[Scraped caption text data]
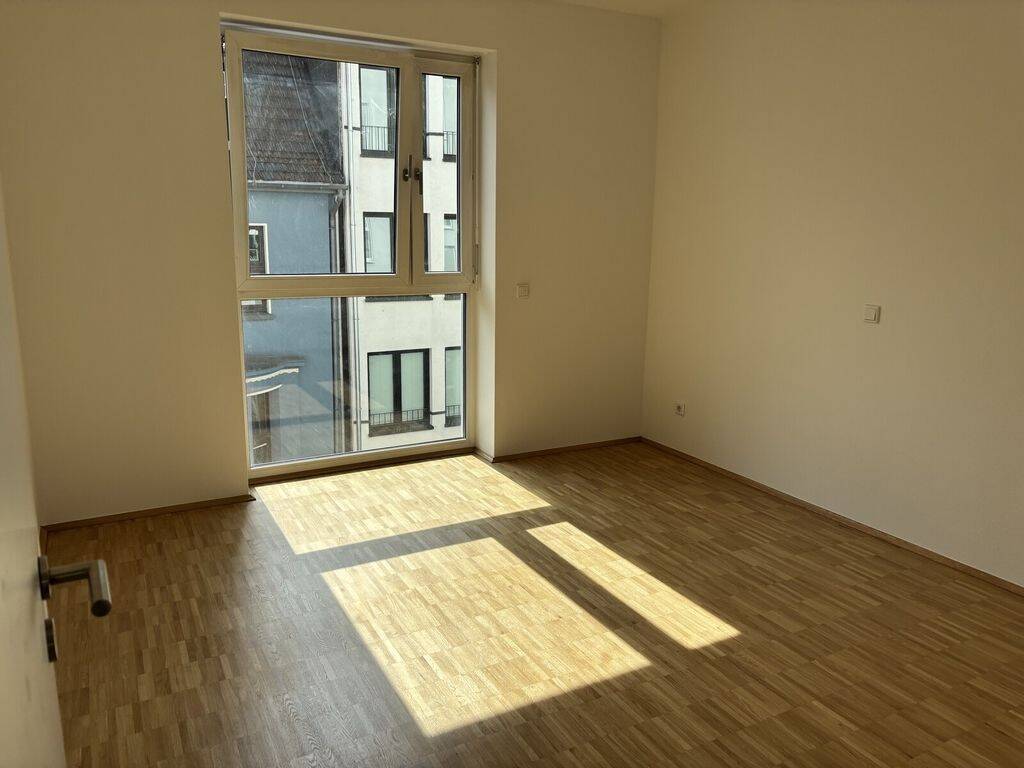 Exklusives Wohnen – Exklusives Lebensgefühl. – 45127 Essen – Vorschaubild 5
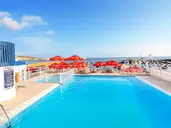 Gillieru Hotel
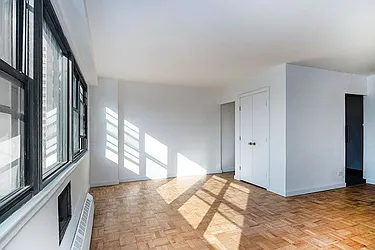 Rented by GoodRock Realty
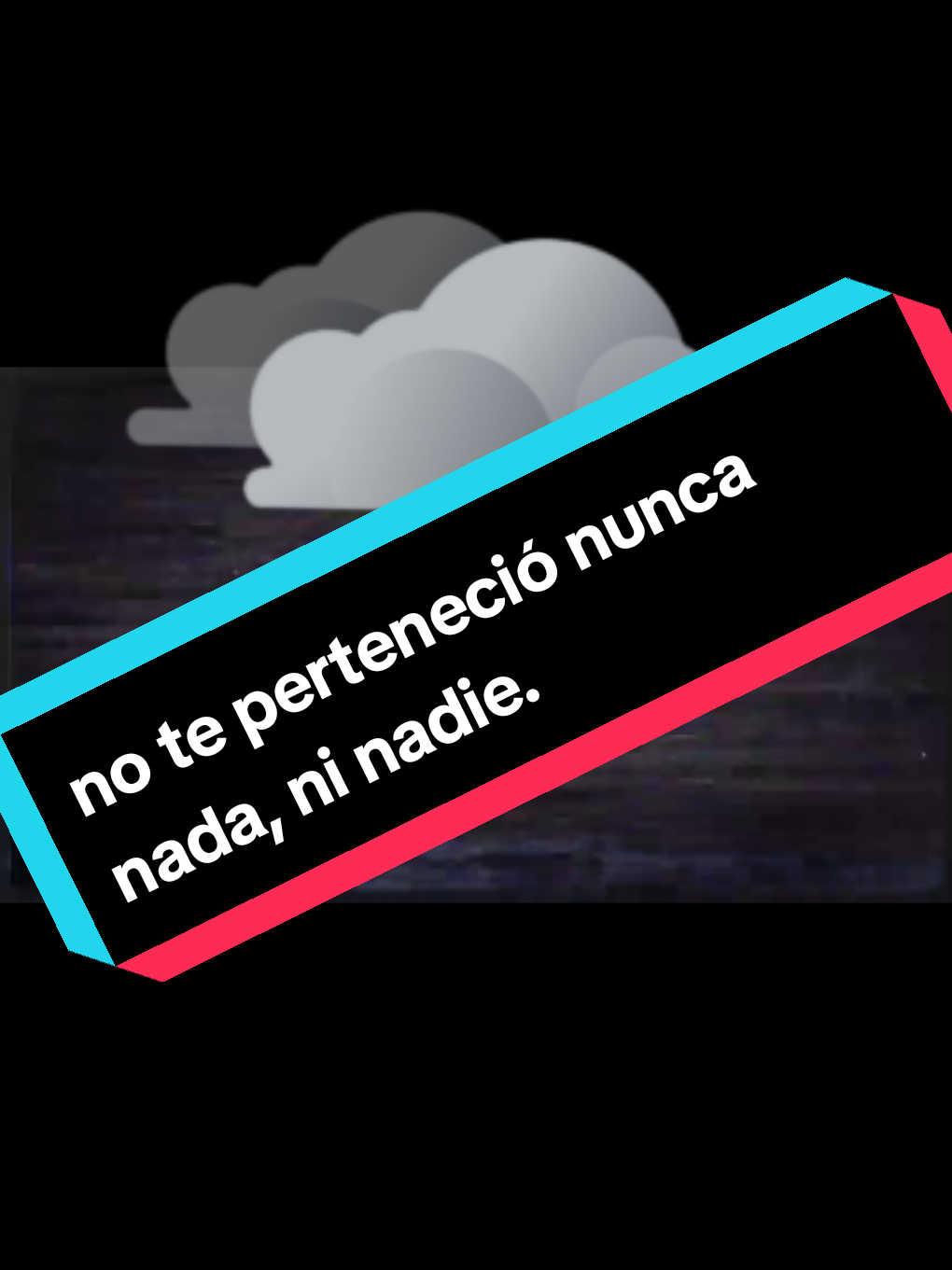 #reflexiones #filosofiadevida #estoicismo #paratiiiiiiiiiiiiiiiiiiiiiiiiiiiiiii #inteligenciaemocional 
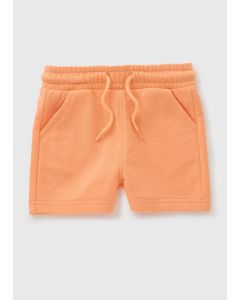 Boys Shorts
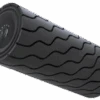 Therabody Theragun Wave Roller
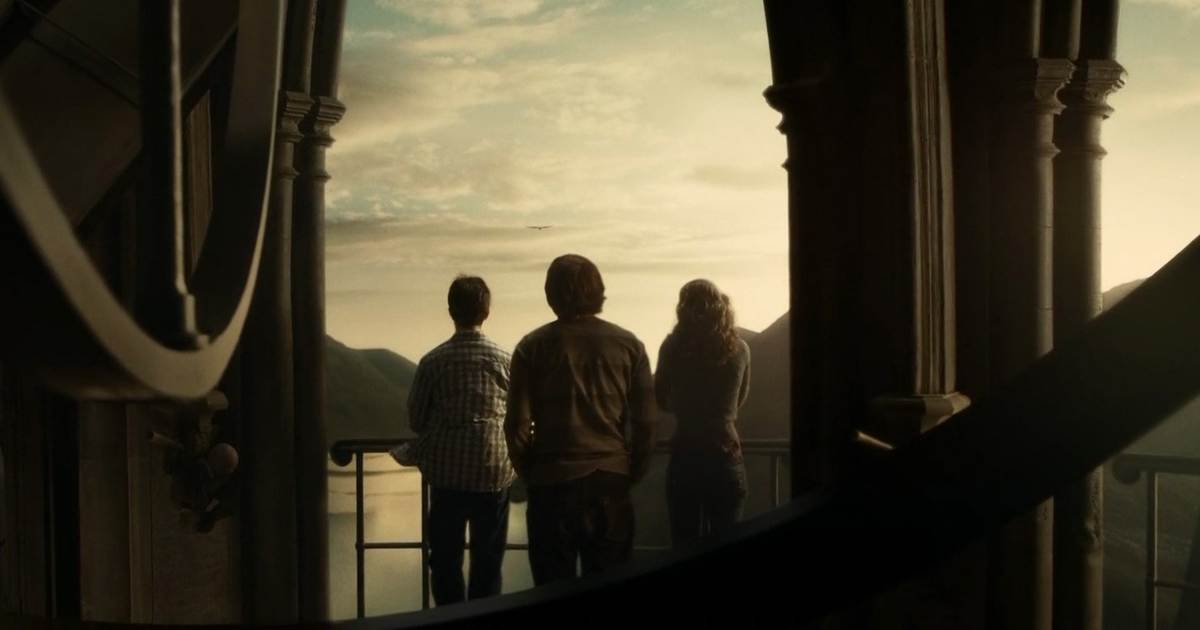 Millennials vs Gen Z, è “guerra” sui social: “Siete fissati con Harry Potter”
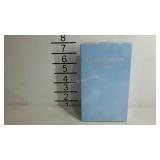 Dolce and Gabbana Light Blue, eau de toilette,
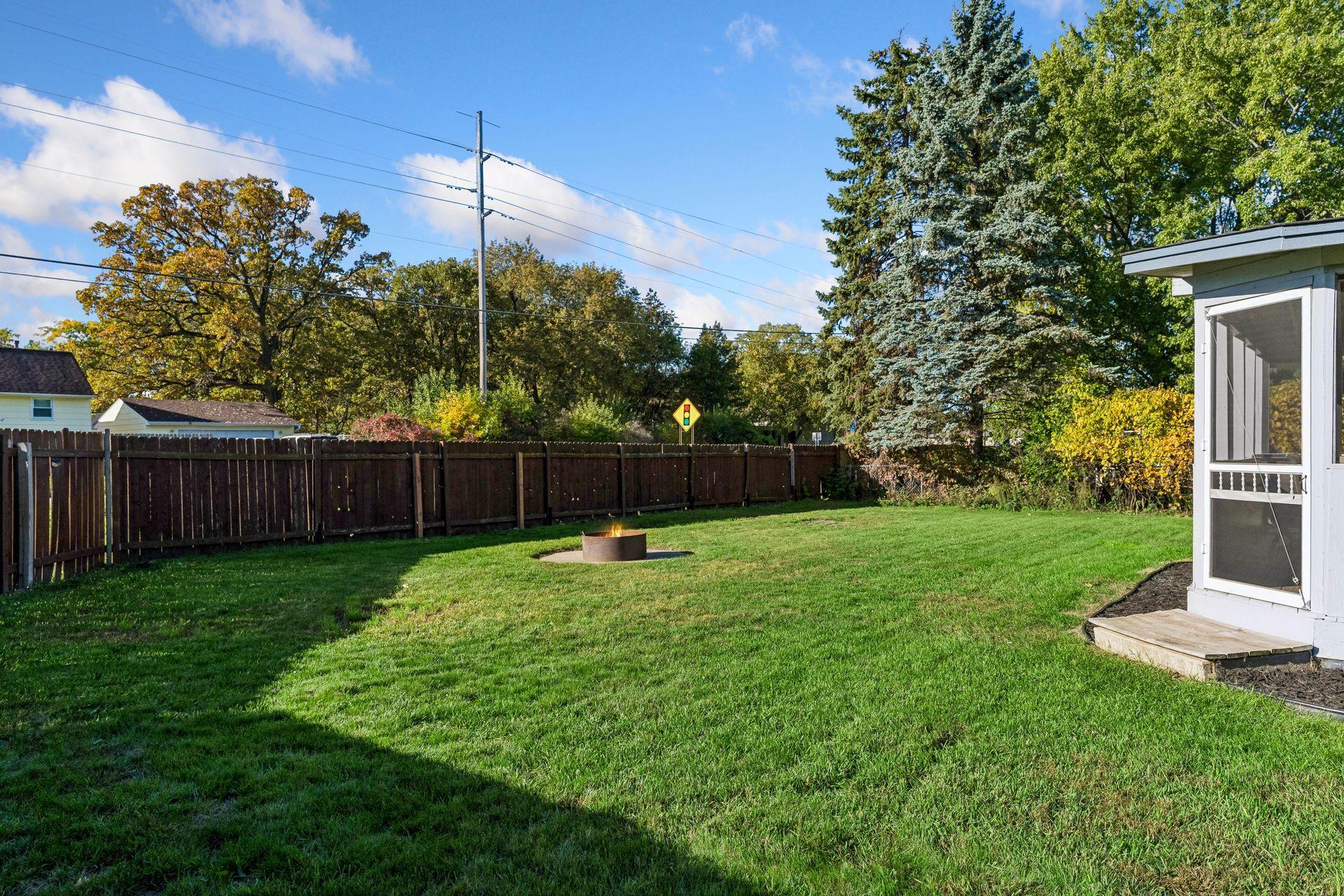 4316 101st Lane Ne Property Photo 23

Task goal — Produce the lines from the first line of the entries through the line that contains "Therabody Theragun Wave Roller", exactly, leaving the pictures behind.

Problem solution —
 Exklusives Wohnen – Exklusives Lebensgefühl. – 45127 Essen – Vorschaubild 5
 Gillieru Hotel
 Rented by GoodRock Realty
 #reflexiones #filosofiadevida #estoicismo #paratiiiiiiiiiiiiiiiiiiiiiiiiiiiiiii #inteligenciaemocional 
 Boys Shorts
 Therabody Theragun Wave Roller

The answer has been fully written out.